● Work request: Type the listing below out again exactly. No images.

● Data extract:
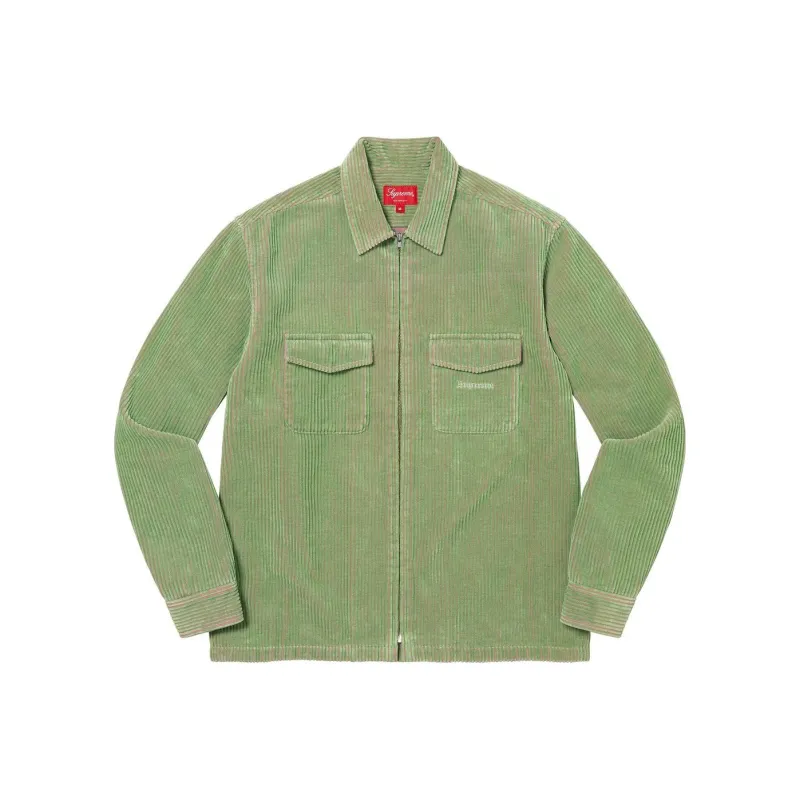 Supreme 2 Tone Corduroy Zip Up Shirt-0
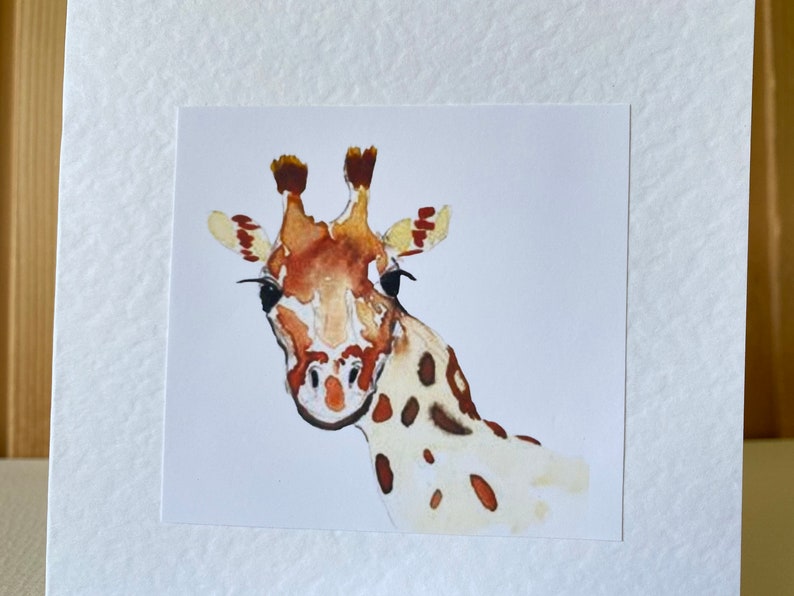 Giraffe Handmade Watercolour Childrens Cards image 6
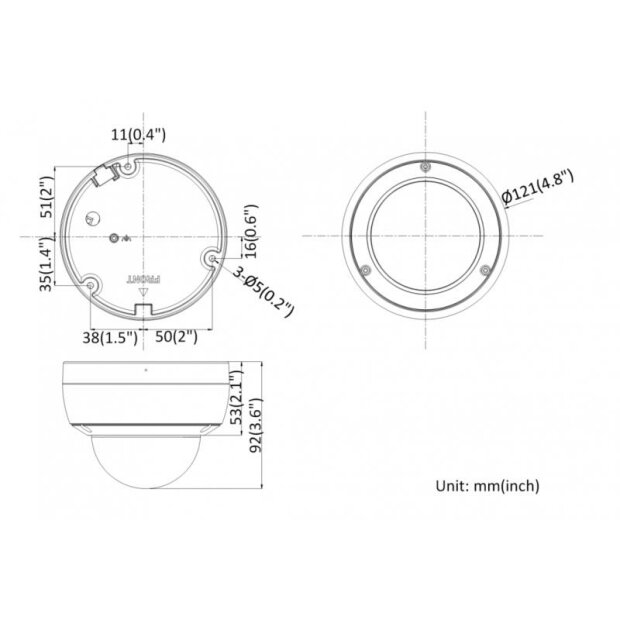 NEOSTAR 4.0MP EXIR IP Dome-Kamera, 2.8mm, 2688x1520p, Nachtsicht 30m, WDR 120dB, H.265+, Smart VCA, Mikrofon, PoE/12V DC, IK10, IP67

● Written answer:
 Supreme 2 Tone Corduroy Zip Up Shirt-0
 Giraffe Handmade Watercolour Childrens Cards image 6
 NEOSTAR 4.0MP EXIR IP Dome-Kamera, 2.8mm, 2688x1520p, Nachtsicht 30m, WDR 120dB, H.265+, Smart VCA, Mikrofon, PoE/12V DC, IK10, IP67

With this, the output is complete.